Termites cause billions of dollars in home damage every year.
Over time, this damage can be significant enough to make homes uninhabitable. If you don’t want that to be your home, you need to be vigilant against possible termite infestations.
A common misconception many homeowners have is that termites die off in the winter. But how true is this? Keep reading to find all the information you need about termites in winter.
What Happens to Termites in Winter?
Many pests are warm-blooded organisms that can maintain a steady body temperature. Termites are not. They’re cold-blooded creatures.
Since they’re cold-blooded creatures, termites can’t create their own warmth. They take on the temperature of the air, water, or soil around them. For this reason, termites have to stay in areas of warmth if they want to survive.
When the weather gets cold, so does the soil. Subterranean termites, which live underground, seem to go into hibernation. They aren’t seen swarming or foraging in snow or really cold temperatures.
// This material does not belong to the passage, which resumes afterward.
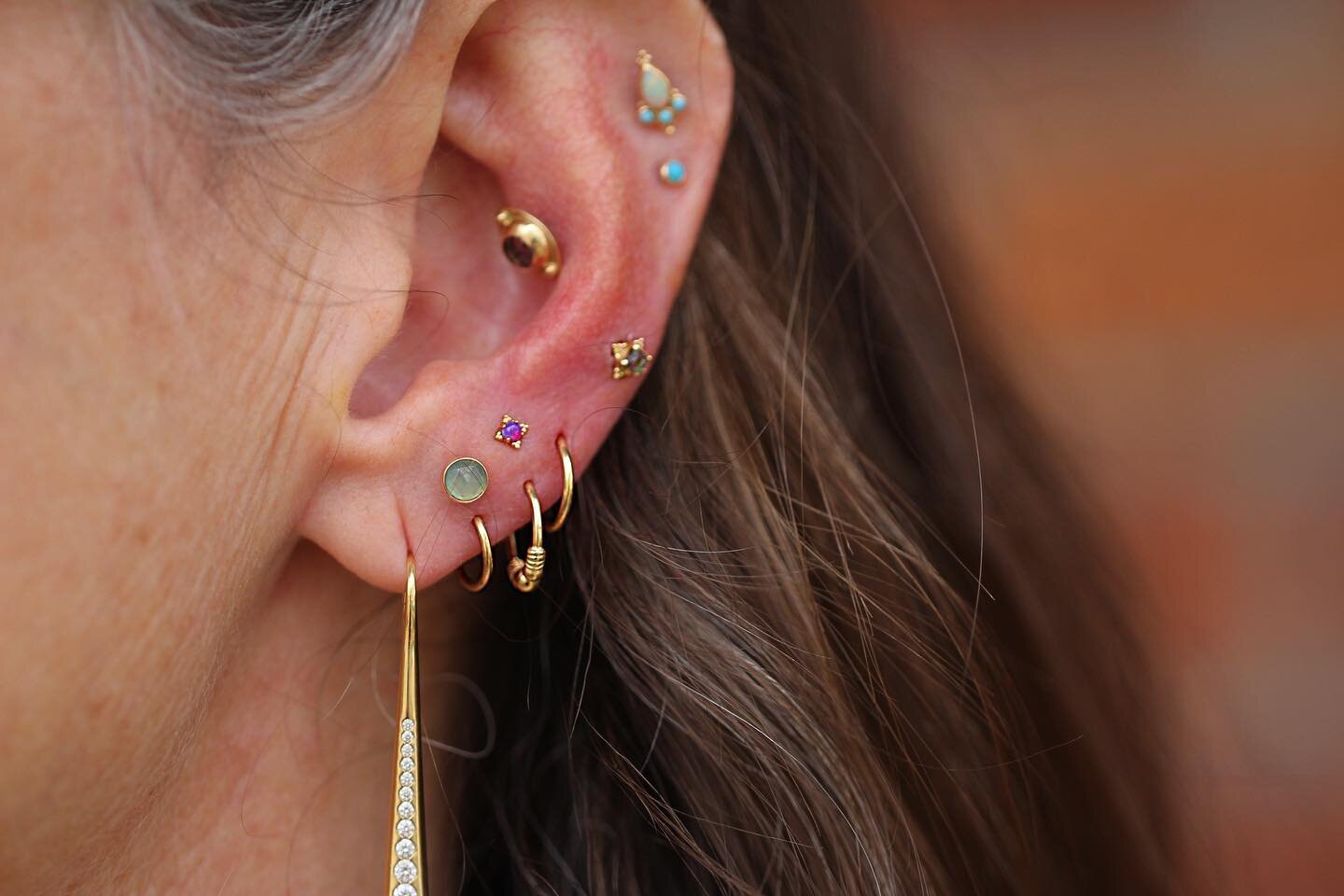 Forever obsessed with @altheasugaree style choice for her ears!  We added an adorable new stack with a Zia in purple opal from @anatometalinc plus more on her other ear!!! Swapped her beautiful chalcedony piece from @bvla to her existing stack as wel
But they aren’t hibernating.
When the temperature dips a little, termites will go further underground to stay warm. They’ll slow down and stay closer to their colony. This makes many homeowners think there is no risk of termites in winter.
Are Termites a Risk in Winter?
Unfortunately, a risk of continued infestation of termites in winter is possible, especially in mild states like Maryland and Virginia. This generally only occurs if the right conditions are met.
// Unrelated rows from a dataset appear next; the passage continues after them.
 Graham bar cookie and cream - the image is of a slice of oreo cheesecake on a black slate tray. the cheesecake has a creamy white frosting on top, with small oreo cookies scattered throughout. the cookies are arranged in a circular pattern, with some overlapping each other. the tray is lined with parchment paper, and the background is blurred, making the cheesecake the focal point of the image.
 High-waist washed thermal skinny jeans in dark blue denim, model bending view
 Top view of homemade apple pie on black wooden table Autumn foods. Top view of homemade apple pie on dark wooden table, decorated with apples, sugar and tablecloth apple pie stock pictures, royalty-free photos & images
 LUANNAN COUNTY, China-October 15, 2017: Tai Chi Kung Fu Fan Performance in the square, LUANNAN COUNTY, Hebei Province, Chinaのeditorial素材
Termites need warmth, right? Your home will likely maintain an even temperature during the winter months. It won’t get nearly as cold as outside.
The soil under your home will not freeze and this allows subterranean termite colonies to stay active during winter. The heat of your home will be high enough to keep termites alive.
Termites aren’t likely to swarm during winter, however. It can happen if the temperatures suddenly rise, but it’s rare.
Termites living in your home during winter are even less likely to swarm. To trigger swarming behaviors, there has to be a sharp spike in temperature. If your home is always kept around the same few degrees, it won’t trigger this behavior.
Does Snow Kill Termites?
There is a common misconception that snow will kill off termites. This is wrong. Snow is actually a good thing for termites living underground.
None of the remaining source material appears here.